Wrist screens. Phone screens. Phablet screens. Tablet screens. Laptop screens. Desktop screens. TV screens. Cinema screens. Billboard screens.

Often we have multiple screens in front of us at once.

As web and app designers, we spend all our time thinking about designing for these screens. Designing how to present information on screens, designing how to navigate that information on screens, designing how to receive input and display feedback on screens.

But what if there were no screens? What if screens go the way keyboards are heading on phones and disappear? What if we liberated our content from screens and could present it to people by other means?

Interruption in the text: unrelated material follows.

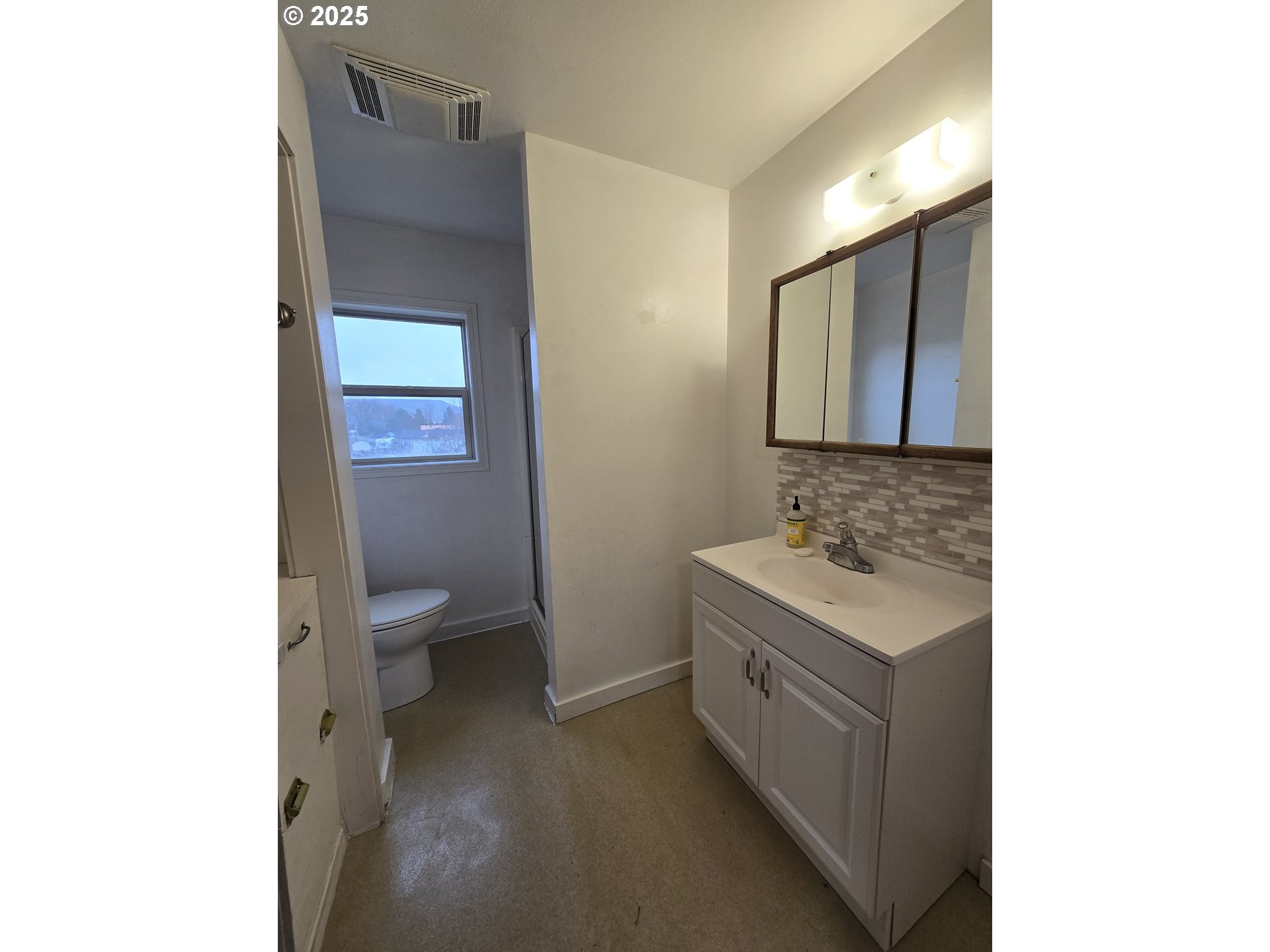 203 N Alder St Property Photo 16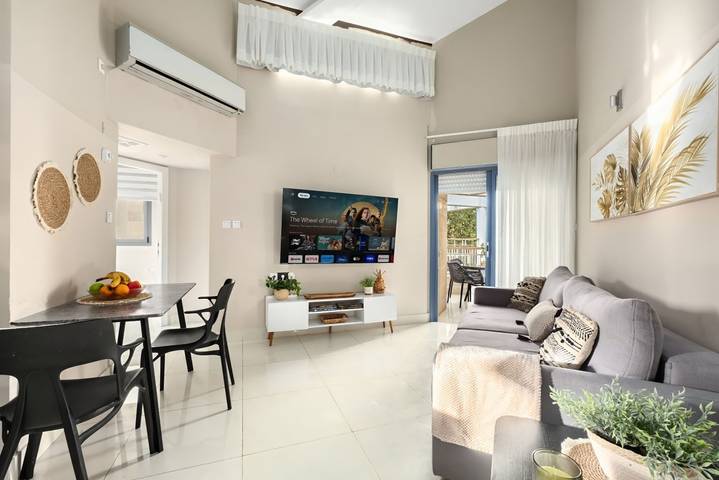 Ferienwohnung für 6 Personen, mit Balkon und Pool, kinderfreundlich in Israel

How would that change how we design?

Google Glass is still a screen based device, but its heading in the screen-less direction.

The iPod Shuffle was screen-less.

The Misfit Shine is screen-less (and often criticised for being so).

But how would we work differently if more devices were screen-less?

Researchers have already produced working versions of a device that projects it’s content onto your hand or arm (see Skinput turns your arm into a touchscreen).

Augmented Reality devices and apps are showing us glimpses of how screen-less worlds might look, of how we might design for a time when information is overlaid on the physical world around us instead of being stuck on a screen.

The explosive growth of smartphones forced many designers to think about screen size for the first time. Design became about being adaptive and responsive to the capabilities and sizes of the devices that content is being displayed on.

How would we adapt to no screen at all?